Boxplot is a simple and flexible graphical tool that has been widely used in exploratory data analysis. Its main application is to identify extreme values and outliers in linear univariate data sets. However, the standard boxplot for linear data set is not suitable to be used for circular data sets due to the bounded property of circular variables. In this paper, we propose and develop a boxplot for circular data sets based on five circular summary statistics which is called circular boxplot. In the process, several problems have been resolved. Firstly, we have overcome the problems of estimating the circular median, the first and second quartiles and overlapping areas between the upper and lower fences.
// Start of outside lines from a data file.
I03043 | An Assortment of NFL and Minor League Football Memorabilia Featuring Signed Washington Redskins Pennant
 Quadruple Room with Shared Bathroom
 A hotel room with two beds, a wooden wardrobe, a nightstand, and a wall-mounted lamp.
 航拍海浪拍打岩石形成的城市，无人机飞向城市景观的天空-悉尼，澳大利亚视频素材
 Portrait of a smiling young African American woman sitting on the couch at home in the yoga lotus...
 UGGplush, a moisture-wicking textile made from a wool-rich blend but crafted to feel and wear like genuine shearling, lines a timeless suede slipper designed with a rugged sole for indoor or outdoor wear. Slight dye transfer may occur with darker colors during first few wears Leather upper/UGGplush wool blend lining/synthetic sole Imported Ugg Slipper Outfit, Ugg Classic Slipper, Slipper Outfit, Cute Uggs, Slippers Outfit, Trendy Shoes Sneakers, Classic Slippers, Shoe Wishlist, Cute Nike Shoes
Secondly, we resolve the problem of finding the appropriate boxplot criterion which is (νIQR=1.5IQR) in linear case, where IQR is the interquartiles range and ν is the resistance constant. Through simulation studies, we identify the appropriate values of circular boxplot criterion which depends on the concentration parameter. The power of performances of the proposed boxplot is investigated. We then develop S-Plus subroutines to display the circular boxplot and apply the plot on a real circular data set.

Item Type: Conference or Workshop Item (Paper)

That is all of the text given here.